Rafael Nadal kept making a stand, kept coming back, kept showing he would not depart quietly from this US Open.
Facing a much younger, much-less-accomplished opponent, Nadal twice erased a set deficit. Then he staved off a trio of match points.
And then, more than four hours into the toughest test he’s put his left wrist through since returning from injury, Nadal faltered.
He missed a short forehand, pushing it into the net. Nadal knew what he’d done and covered his eyes with both hands. One point later, the match was over.
Nadal was upset in the fourth round by 24th-seeded Lucas Pouille of France 6-1 2-6 6-4 3-6 7-6 (8-6) on Sunday, prolonging the 14-time Grand Slam title winner’s quarter-final drought at major tournaments.
“Every point was great,” Pouille said in his on-court interview.
“It’s just never over until the last point. I was a break down in the fifth; I came back. And then 6-3 in the tiebreak, he came back,” Pouille said.
“It’s never done until the last point is over.”
This was Pouille’s third career victory in a five-setter – and all have come in his past three matches.
Since losing in last year’s French Open quarter-finals, Nadal has failed to make it beyond the fourth round at a major.
When it did end, Pouille dropped on his back, his tongue sticking out. As he rose with eyes wide open – and tongue still wagging – 1983 French Open champion Yannick Noah of France, whose son Joakim recently joined the New York Knicks, spread around high-fives in the stands.
Pouille was joined in the quarter-finals by a pair of countrymen, No. 9 Jo-Wilfried Tsonga and No.10 Gael Monfils, giving France three members of the men’s quarter-finals at the American Grand Slam tournament for the first time in 89 years.

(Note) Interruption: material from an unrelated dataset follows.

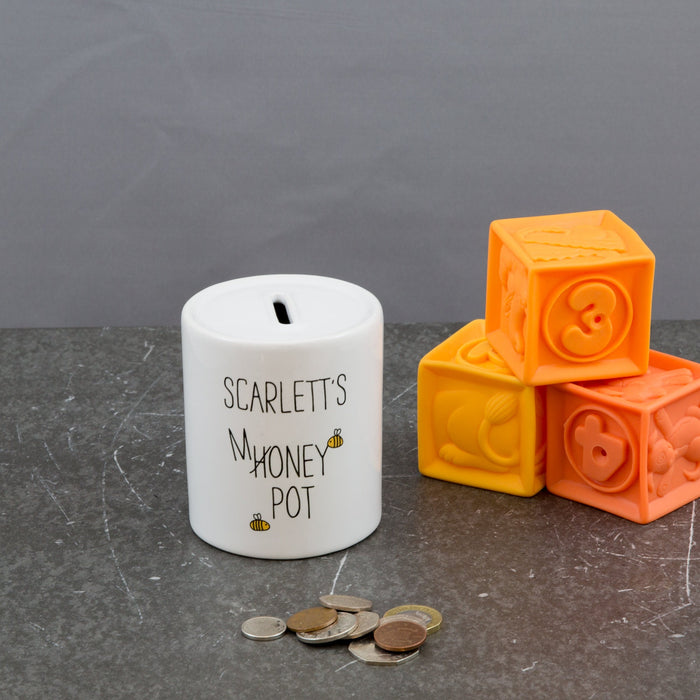 Personalised Bear Cub & Bee Honey Pot Ceramic Money Box  Birthday Gift for Boy, Girl, Child  Baptism Gifts for Children  Woodland Nursery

He will face Monfils, a 6-3 6-2 6-3 winner over 2006 Australian Open runner-up Marcos Baghdatis, who received a warning for unsportsmanlike conduct for using his cellphone during a second-set changeover.
Baghdatis defended himself to the chair umpire by asking whether it was against the rules to check the time; later, speaking to a handful of reporters, he said he was trying to message his wife.
The other quarter-final on that side of the draw will feature Tsonga against No.1 Novak Djokovic or 84th-ranked Kyle Edmund of Britain.
Tsonga got there by eliminating the last US man in the field, No.26 Jack Sock, 6-3 6-3 6-7 (9-7) 6-2.